» EXERCISE MATERIALS:
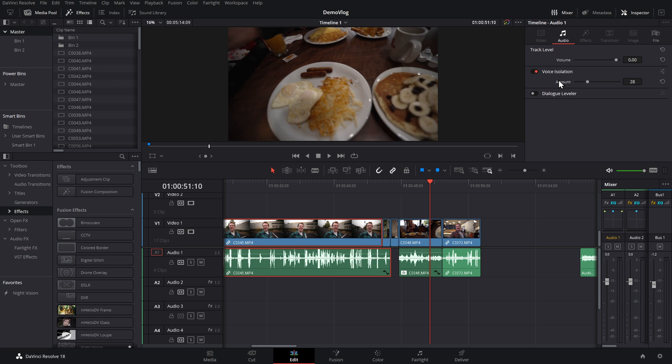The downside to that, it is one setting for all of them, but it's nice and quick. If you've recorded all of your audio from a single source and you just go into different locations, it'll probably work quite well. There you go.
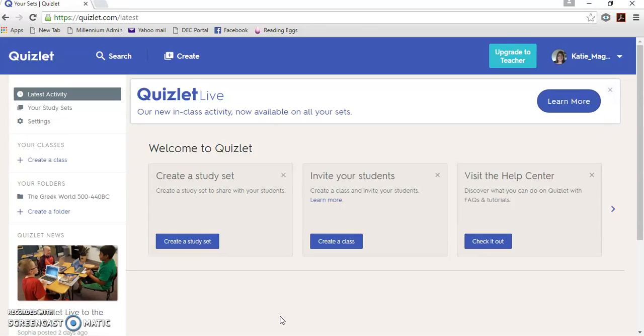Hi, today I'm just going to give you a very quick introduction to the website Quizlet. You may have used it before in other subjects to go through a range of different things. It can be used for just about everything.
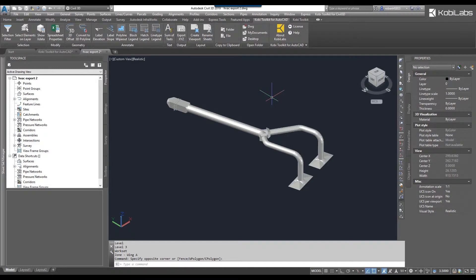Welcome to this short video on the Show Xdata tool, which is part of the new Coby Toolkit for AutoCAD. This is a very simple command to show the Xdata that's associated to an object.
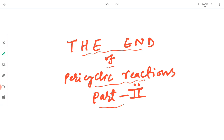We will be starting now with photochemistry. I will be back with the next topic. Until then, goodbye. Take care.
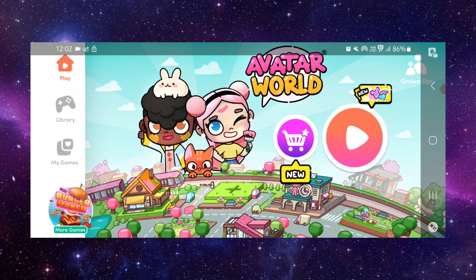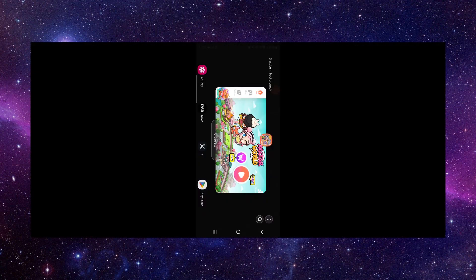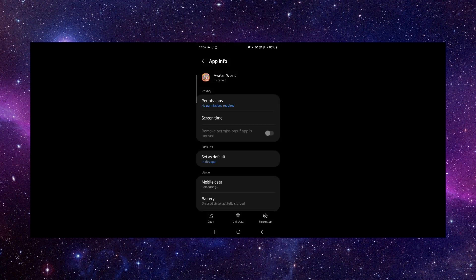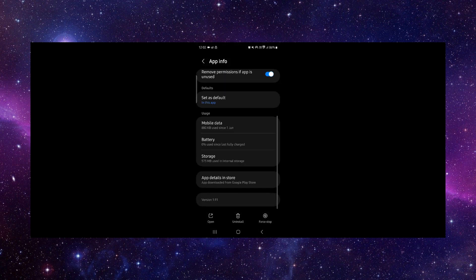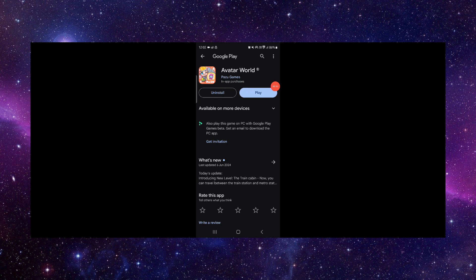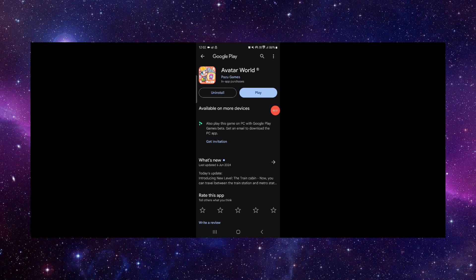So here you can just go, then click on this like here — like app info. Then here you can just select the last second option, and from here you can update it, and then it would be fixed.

» YOUR INSTRUCTIONS: In your copy of the records above, include no pictures and match every line exactly.

» RESULT:
The downside to that, it is one setting for all of them, but it's nice and quick. If you've recorded all of your audio from a single source and you just go into different locations, it'll probably work quite well. There you go.
Hi, today I'm just going to give you a very quick introduction to the website Quizlet. You may have used it before in other subjects to go through a range of different things. It can be used for just about everything.
Welcome to this short video on the Show Xdata tool, which is part of the new Coby Toolkit for AutoCAD. This is a very simple command to show the Xdata that's associated to an object.
We will be starting now with photochemistry. I will be back with the next topic. Until then, goodbye. Take care.
So here you can just go, then click on this like here — like app info. Then here you can just select the last second option, and from here you can update it, and then it would be fixed.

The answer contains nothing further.